Im Jahr 2018 führten die österreichischen IVF-Zentren im Rahmen des IVF-Fonds 10.828 IVF-Versuche an 7.088 Paaren durch. 700 Paare führten vier oder mehr Versuche durch. Laut Gesetz haben Paare in Österreich Anspruch auf bis zu acht IVF-Versuche, deren Kosten mit 70 Prozent refundiert werden können.
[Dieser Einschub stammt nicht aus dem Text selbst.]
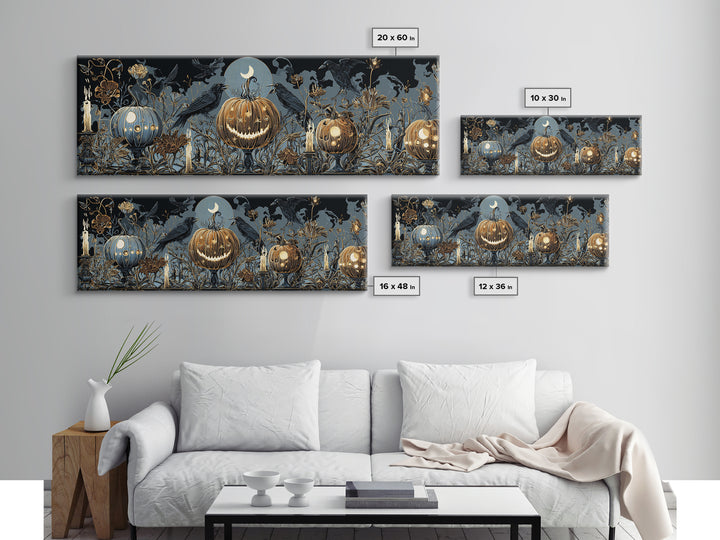 Pumpkins And Moon Phases, Stained Glass Gothic Art, Extra Wide Wall Art, Dark Fantasy Wall Art, Framed Canvas Print, Halloween Wall Art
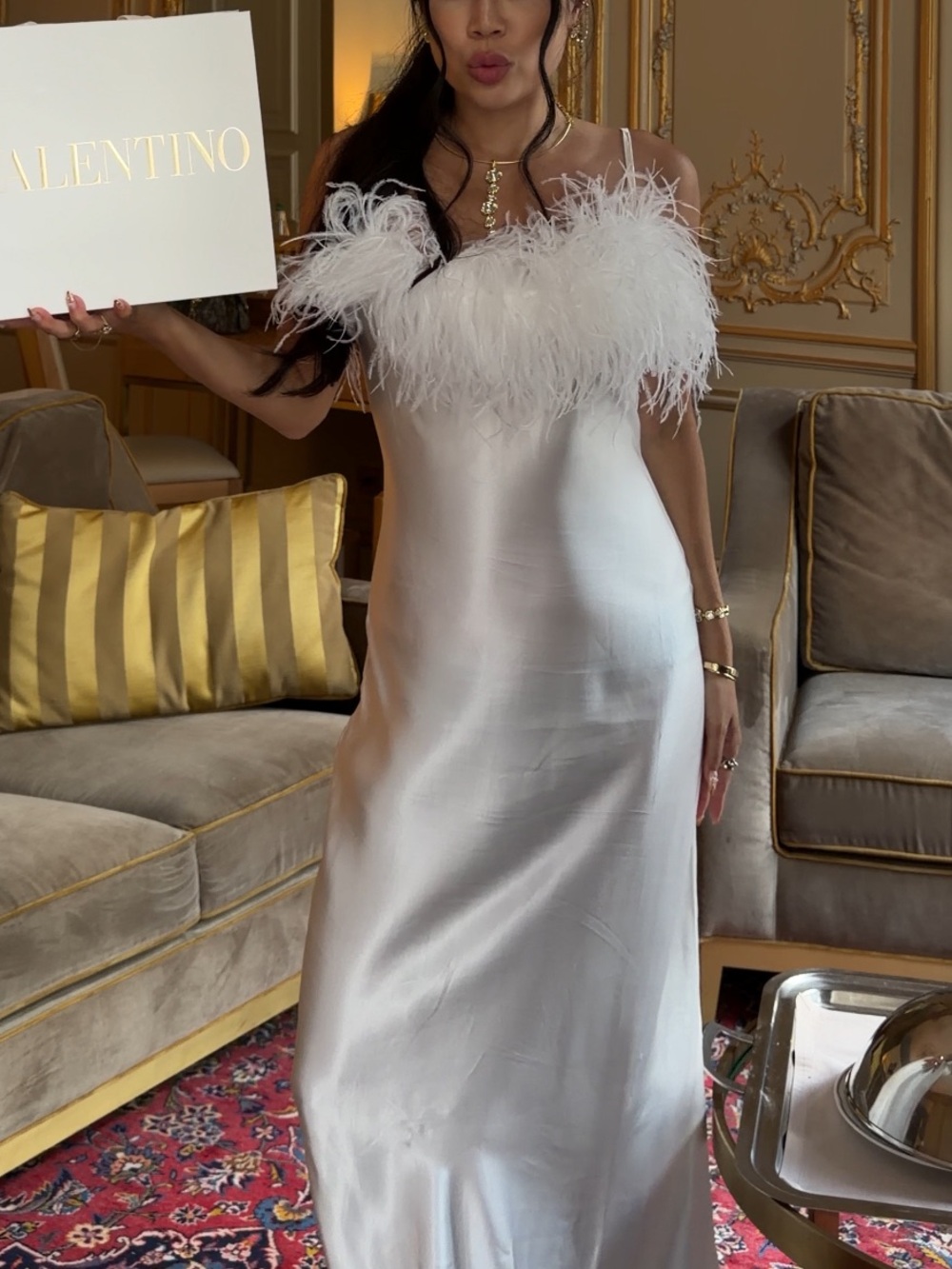 Sleeper bridal silk slip dress sleep night gown white feather trim maxi S *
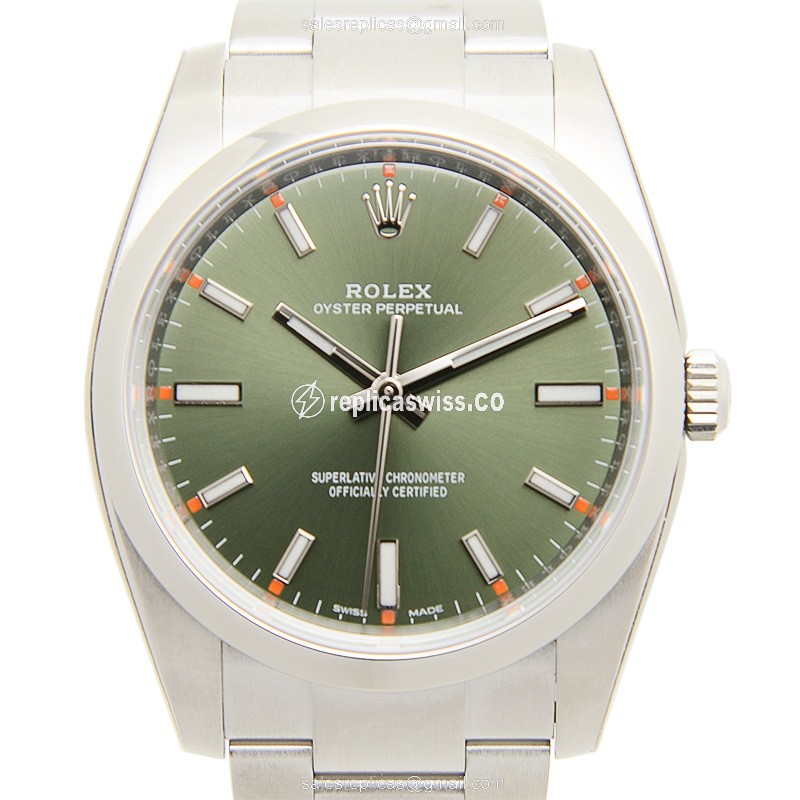 Exquisite Rolex 114200GREEN_O Oyster Perpetual Replica with Automatic Movement Green Dial Watch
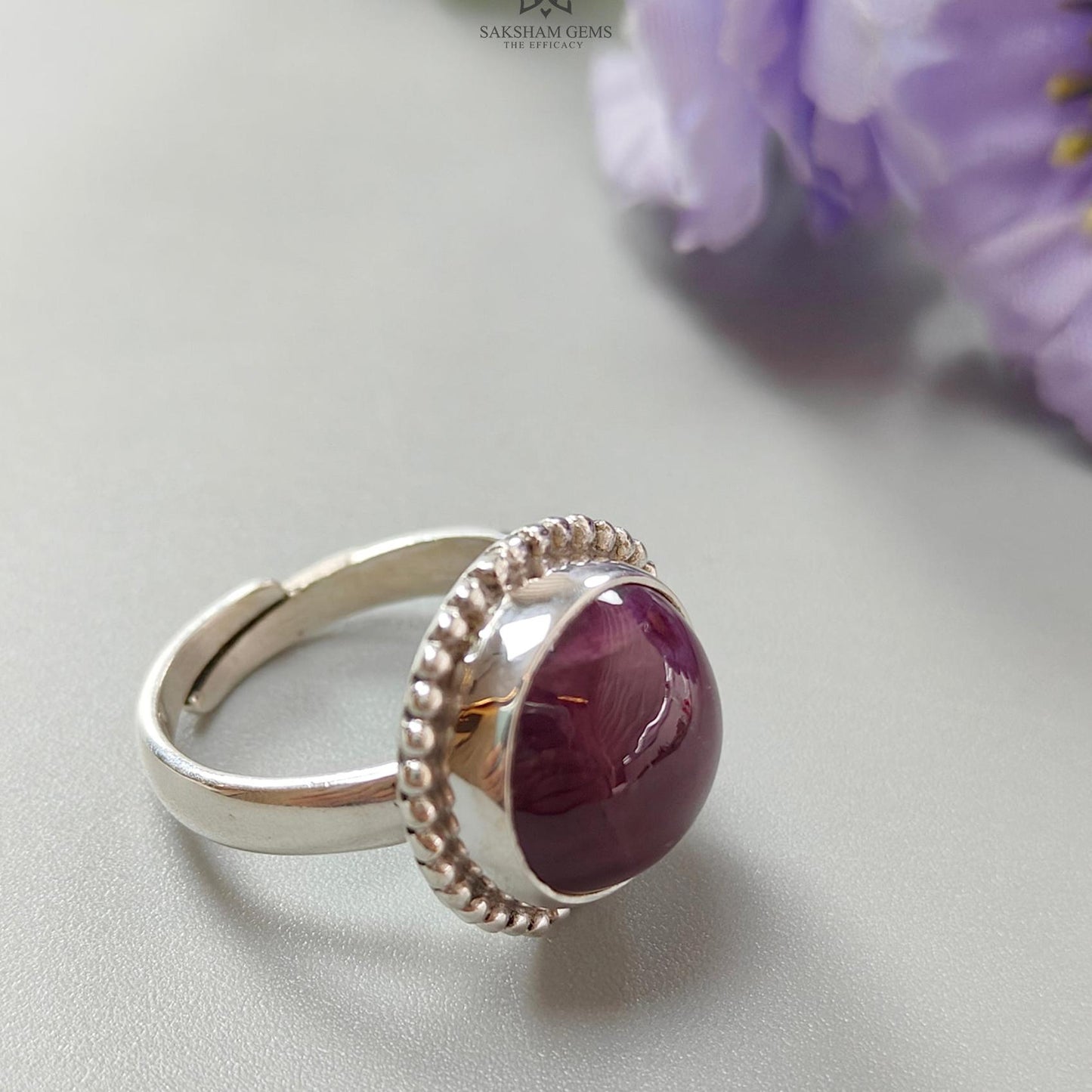 Red Ruby Silver Ring: 8.15gms. Natural Ruby Untreated Cabochon Round Shape 925 Sterling Silver Bezel Set Ring Adjustable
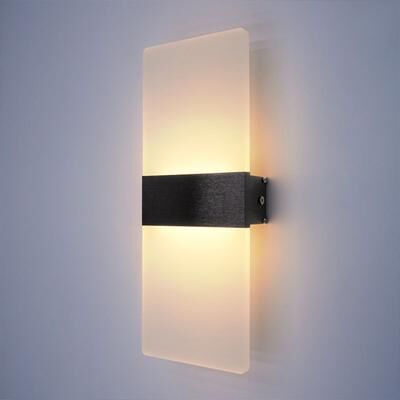 Uplift Treasures Modern Minimalist LED Wall Lamp Aluminum Sconce black 12w cool White(5500 7000k)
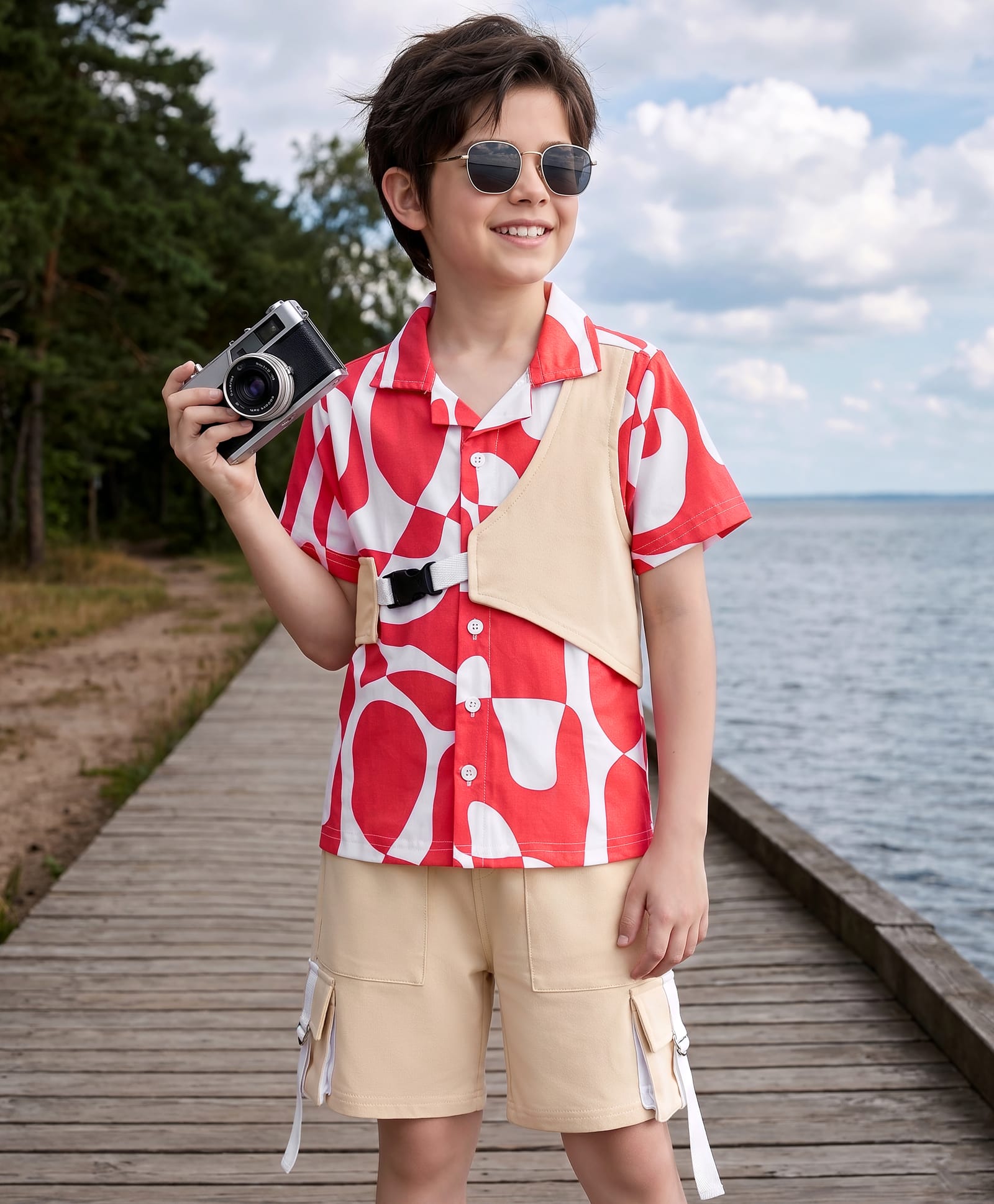 OLLINGTON ST. Sinker Knit Half Sleeves Printed Shirt & Shorts Set - Multicolor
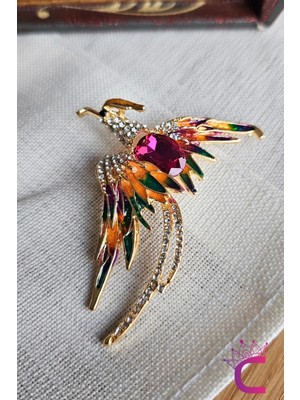 Phoenix Anka Kuşu Özel Tasarım Kristal Taşlı Unisex Broş - Hediyelik Elbise Ceket Yaka Iğnesi Broşu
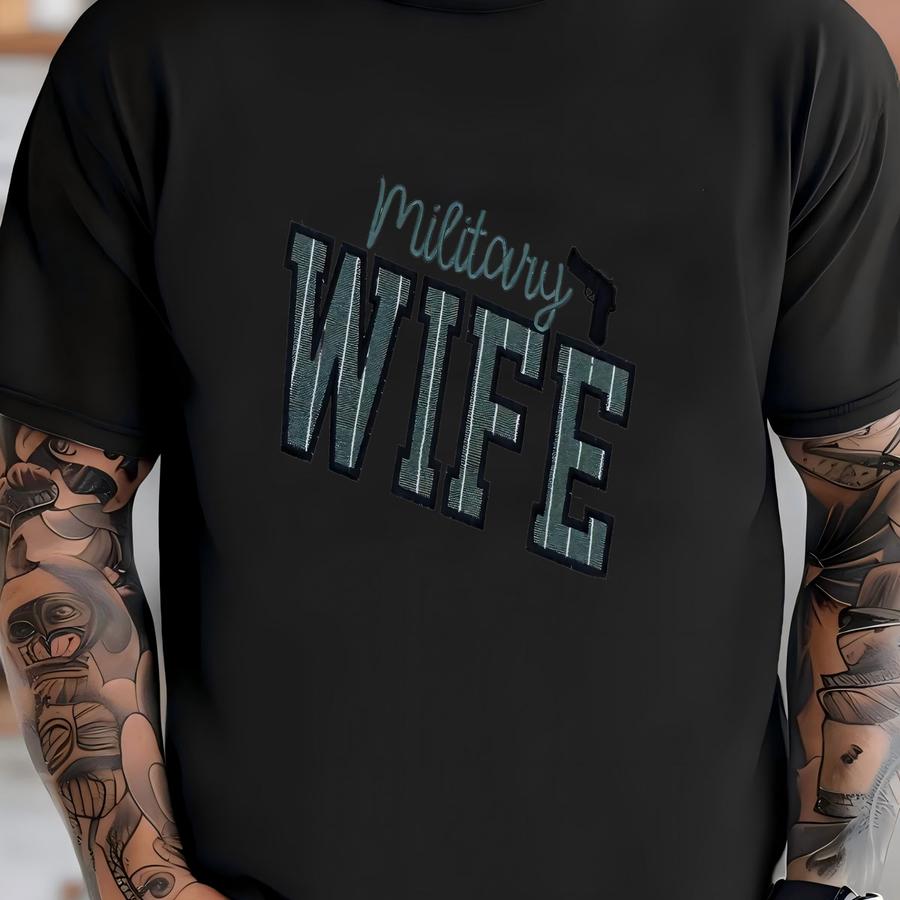 Military Wife Applique Tee, Military Wife, Usa, Wife, Wifey, Wifey Shirt, Military Wifey, Armed Forces, Marine Wife, Wife T-shirt
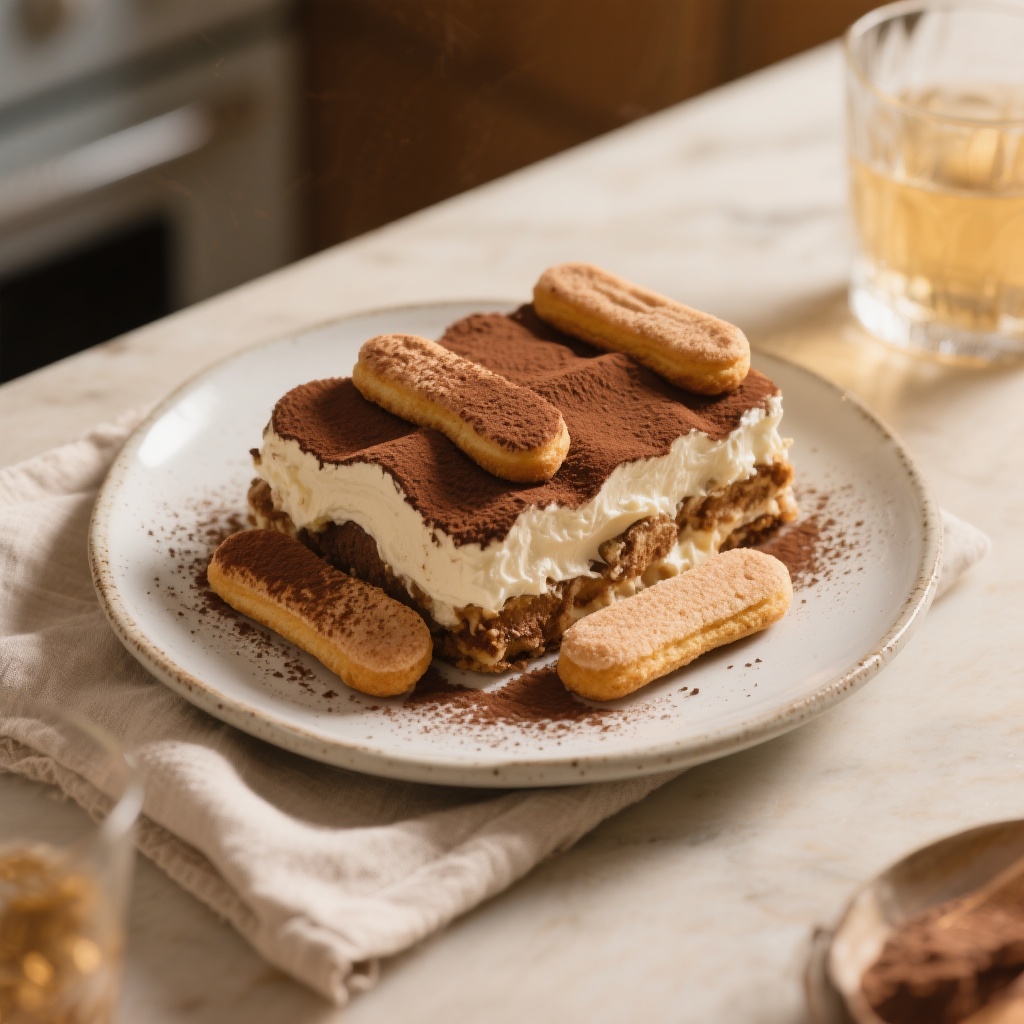 A delectable tiramisu dessert on a wooden table.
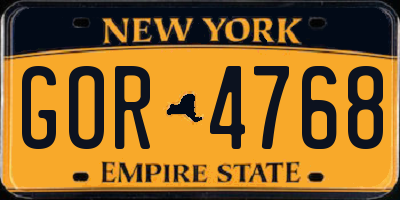 NY license plate GOR4768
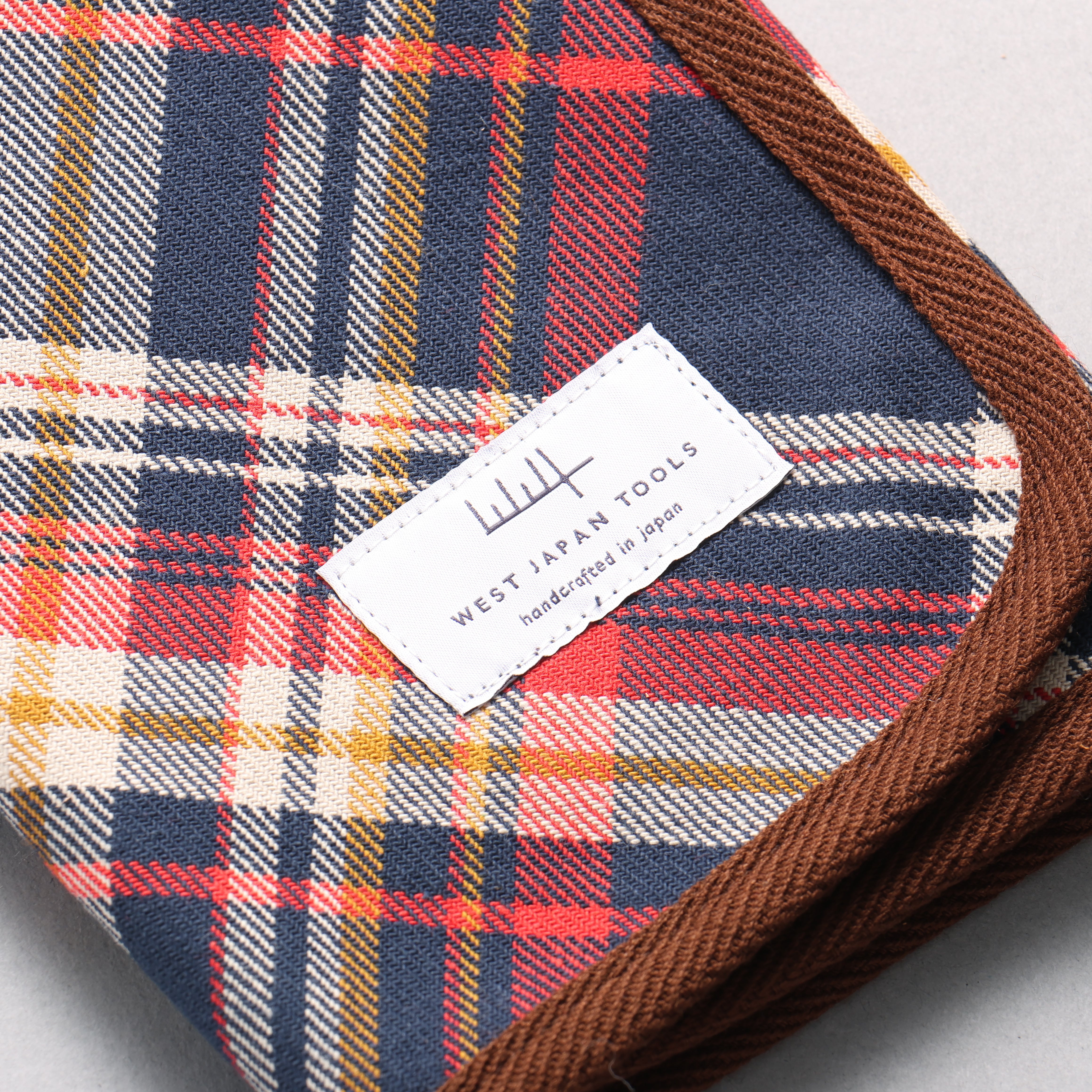 West Japan Tools Knife roll with 3 pockets Cloth Plaid 390mm x 510mm - Japanny - Best Japanese Knife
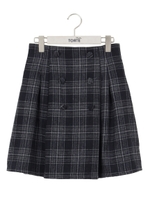 前ボタンタックフレアスカート/ダークグレー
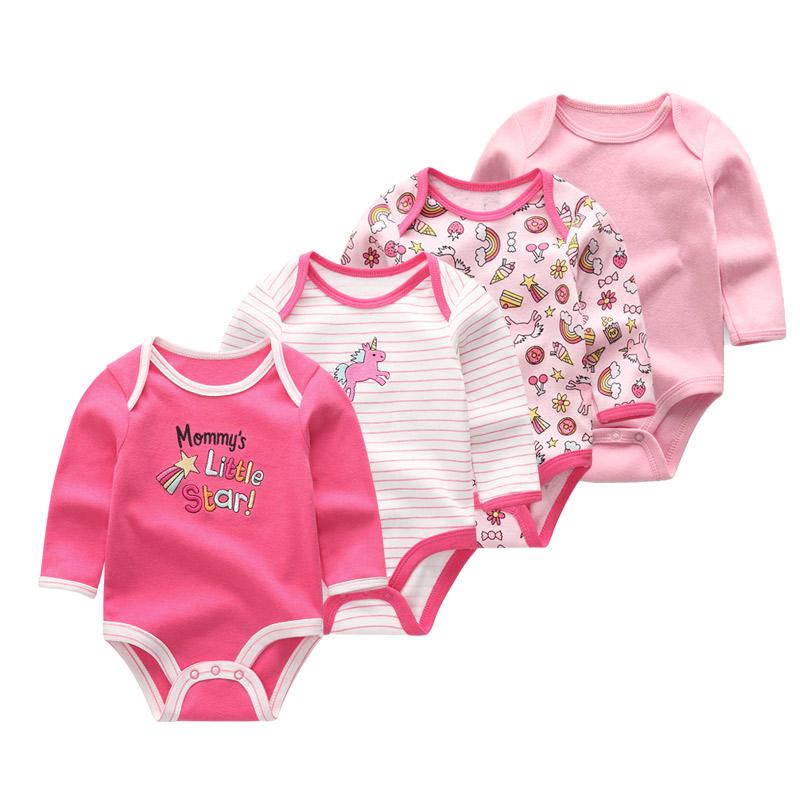 KIDDIEZOOM Боди из 4 предметов для маленьких мальчиков и девочек, мягкий хлопковый комбинезон с длинными рукавами для малышей 0-12 месяцев, комбинезон Bebe, одежда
In 62 Fällen wurden IVF-Versuche mit Eizellspenden durchgeführt. Ob es bei dieser risikoreichen Form der künstlichen Befruchtung auch zu Lebendgeburten gekommen ist, erfährt man nicht, auch gibt es keine Daten zur Herkunft der Spenderinnen. 242 IVF-Versuche wurden mit anonymen Samenspenden vorgenommen.